Kouji Kumeta, back in the olden days when he was romanized as Koji Kumeta, wrote a series called Sayonara, Zetsubou-sensei that was dear to my heart. Featuring a despairing teacher, his eccentric class of students, and overanalysis of Japanese trends and cliches, it ran for 30 volumes and features a very surreal, quite disturbing ending. Sadly, it sold less and less well over here in North America, and petered out with the fourteenth volume. But now, moving from Weekly to Monthly Shonen Magazine, we have a new series from Kumeta, starring a father who desperately wants to hide his profession from his elementary school-aged daughter… because he draws ecchi manga. Indeed, his most popular series, Testicoooool, probably gives you an idea why he does not want his daughter to know this. That said… despite the more realistic premise, this series is for fans of what Kumeta does best: overanalyse things to death, make obscure references, and draw striking poses of most of the characters. The art continues to be fantastic.

There is, to be fair, more of an attempt to hold to the plot and characterization of the title than there ever was with Zetsubou-sensei, which was an excuse for anything to happen. Most of the chapters are about two things: Kakushi’s attempts to hide his manga profession from his daughter and actually drawing the manga with his assistants, and Hime’s school life with her teacher and the cast of Zetsubou… OK, yeah, there’s no getting around that. Hime’s classmates are very obviously elementary school versions of the girls from Zetsubou-sensei. I spotted Chiri, Akira, Nami, Kafuka, Manami, Maria, Matoi… they all have slightly different names, of course, but even then, “Riko Kitsuchi” is clearly “Chiri Kitsu” swapped around. He’s having fun. That said, apart from Riko being a bit overbearing, they don’t ACT like their counterparts. It’s pure fanservice.

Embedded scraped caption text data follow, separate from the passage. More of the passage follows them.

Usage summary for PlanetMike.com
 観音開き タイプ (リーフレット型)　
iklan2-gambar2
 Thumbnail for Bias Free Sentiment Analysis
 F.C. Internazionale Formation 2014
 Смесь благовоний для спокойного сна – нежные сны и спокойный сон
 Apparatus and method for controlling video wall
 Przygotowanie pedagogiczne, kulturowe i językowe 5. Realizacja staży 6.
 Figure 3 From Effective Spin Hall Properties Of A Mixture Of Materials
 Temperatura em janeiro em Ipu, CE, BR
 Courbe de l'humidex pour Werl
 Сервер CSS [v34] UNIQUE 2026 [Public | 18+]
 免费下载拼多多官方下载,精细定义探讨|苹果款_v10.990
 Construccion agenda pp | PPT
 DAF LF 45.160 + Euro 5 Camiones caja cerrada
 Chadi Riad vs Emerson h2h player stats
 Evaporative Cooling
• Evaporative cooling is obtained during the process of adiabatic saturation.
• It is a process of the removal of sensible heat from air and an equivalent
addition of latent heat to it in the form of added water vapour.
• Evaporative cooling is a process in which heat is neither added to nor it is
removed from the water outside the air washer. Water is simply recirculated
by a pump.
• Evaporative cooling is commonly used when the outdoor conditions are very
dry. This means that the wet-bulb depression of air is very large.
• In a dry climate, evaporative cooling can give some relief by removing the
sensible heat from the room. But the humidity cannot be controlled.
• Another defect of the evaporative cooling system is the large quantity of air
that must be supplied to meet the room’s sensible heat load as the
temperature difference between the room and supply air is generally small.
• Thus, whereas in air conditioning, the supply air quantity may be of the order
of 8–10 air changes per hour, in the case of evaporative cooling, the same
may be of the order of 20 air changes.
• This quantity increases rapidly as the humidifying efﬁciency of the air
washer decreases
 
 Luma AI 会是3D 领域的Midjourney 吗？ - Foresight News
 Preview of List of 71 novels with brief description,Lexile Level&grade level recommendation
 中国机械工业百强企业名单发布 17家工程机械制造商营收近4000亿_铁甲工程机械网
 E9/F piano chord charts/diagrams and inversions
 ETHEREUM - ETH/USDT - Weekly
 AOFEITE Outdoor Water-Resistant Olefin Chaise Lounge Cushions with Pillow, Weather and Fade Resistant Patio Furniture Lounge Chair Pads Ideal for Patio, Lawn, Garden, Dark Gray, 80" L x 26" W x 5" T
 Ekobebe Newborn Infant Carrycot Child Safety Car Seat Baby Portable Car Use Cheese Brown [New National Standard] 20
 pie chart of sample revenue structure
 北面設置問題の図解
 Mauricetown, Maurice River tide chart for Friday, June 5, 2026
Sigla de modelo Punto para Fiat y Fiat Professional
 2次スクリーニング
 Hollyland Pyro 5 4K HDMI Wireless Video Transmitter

Hime’s mother is not in the picture, and Kakushi is shown to be a single parent. This allows him to occasionally be a “harem protagonist”, though like most of those he’s clueless about it. Hime’s teacher clearly has a crush on him, one chapter has him accidentally winning over several single women in the area, and a high school girl trying to be an idol, who finds that Kakushi actually listens to her rambling, might be a stalker in the making. That said, Kakushi only has eyes for his little girl, who he is deeply overprotective of. Many of the chapters show him trying to watch over her and make sure she isn’t bullied by the other kids (which is not going to happen, mostly as Hime is a sweetie pie). As for whether she will find out… well, the manga begins with her, as a high school girl, having the secret deliberately revealed to her, and the end of this volume implies that’s because Kakushi has died. (I’d say that ending is too dark for a comedy manga, but then remember how Zetsubou ended, so maybe…)

It’s the in between that counts, though, and this series ended up running for twelve volumes. I’ll be reading more, though I admit I read it for the creator, not the characters or plot.